Field Research
Definition
Field Research refers to empirical investigation conducted in real-world settings rather than controlled laboratory environments, where participants are drawn from the populations most relevant to the research question. The approach accepts the practical and logistical constraints of naturalistic contexts in exchange for greater external validity. In the study of inoculation against extremist persuasion, this meant recruiting 191 vulnerable youth from post-conflict regions of Iraq, areas formerly under ISIS control, and running a randomised controlled trial there rather than with convenience samples in Western academic settings. Outcome measures included participants' ability to detect manipulative WhatsApp messages and their confidence in doing so, both assessed within a population facing genuine recruitment pressure from extremist organisations. The study's authors acknowledged that the field setting may have left the experiment underpowered relative to a prior laboratory-based replication, which affected the interpretation of some results.
Sources: Saleh et al. (2023)
Related Terms
- Post-Conflict Region (1 shared article)
- Prevention of Violent Extremism (1 shared article)
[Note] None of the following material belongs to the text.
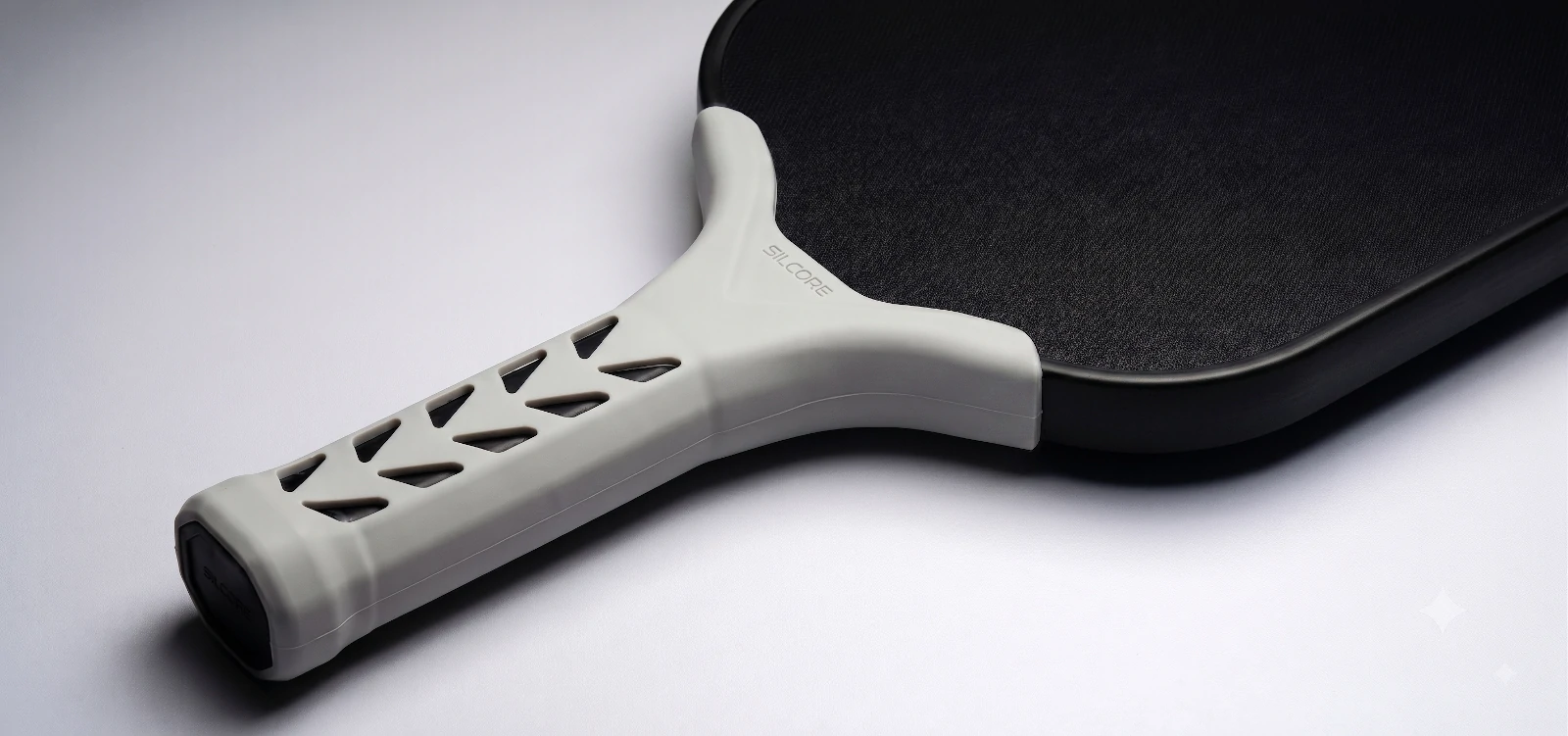 White Silcore undergrip on a black pickleball paddle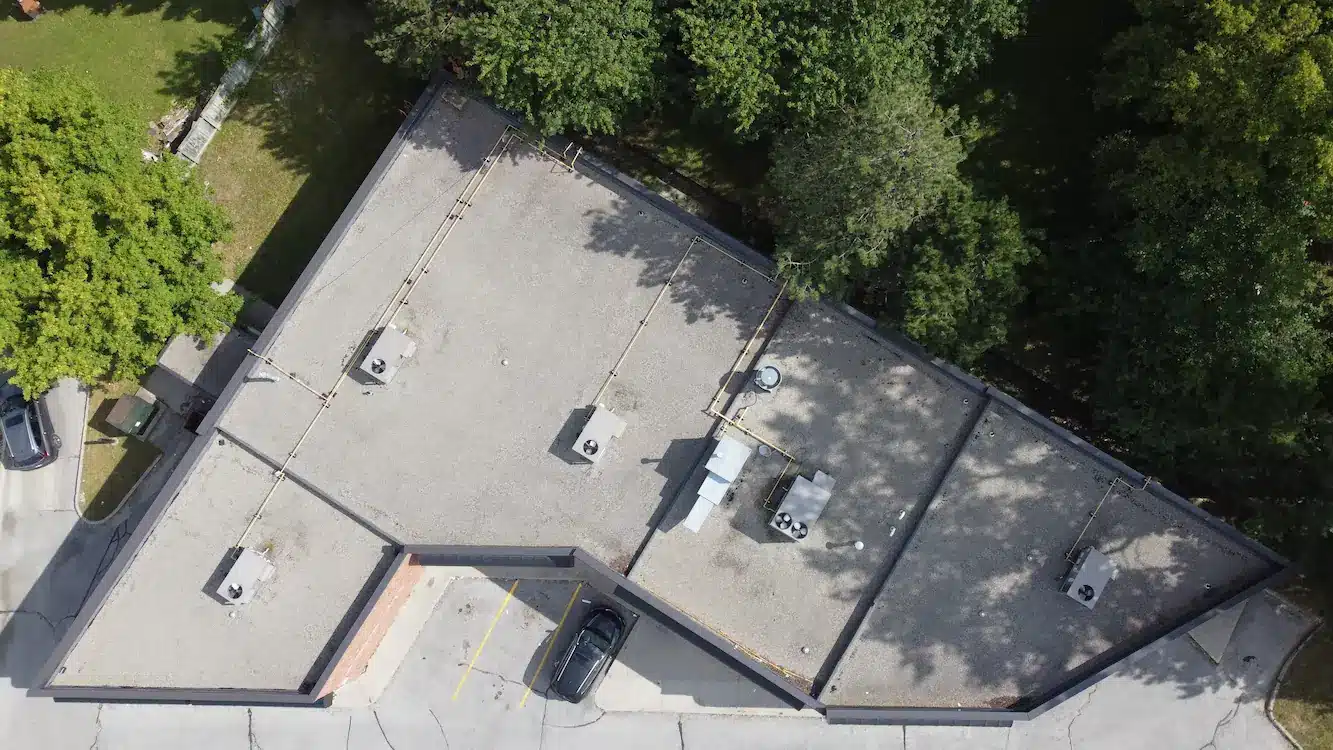 Aeriel view of flat roof replacement for Pizza Pizza franchise.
- Gamification (1 shared article)
- Inoculation Theory (1 shared article)
Applications
Field Research and Inoculation Interventions
Conducting inoculation research in the field allows investigators to test whether laboratory-derived effects generalise to high-risk, real-world populations. In post-conflict Iraq, playing the Radicalise game produced a statistically significant improvement in participants' ability to identify manipulative extremist messaging (p = 0.034, d = 0.31), demonstrating that gamified prebunking retains efficacy outside Western convenience samples. The same field conditions that strengthen external validity, including limited participant access and environmental unpredictability, also introduced statistical power constraints that complicated interpretation of secondary outcomes.
Sources: Saleh et al. (2023)
Field Research and Extremist Recruitment Vulnerability
Field settings provide direct access to populations whose vulnerability to extremist recruitment is structural rather than simulated. The Iraqi youth sampled in this study faced unemployment, war-related trauma, low literacy, and active proximity to remnants of ISIS, conditions that cannot be replicated in a laboratory.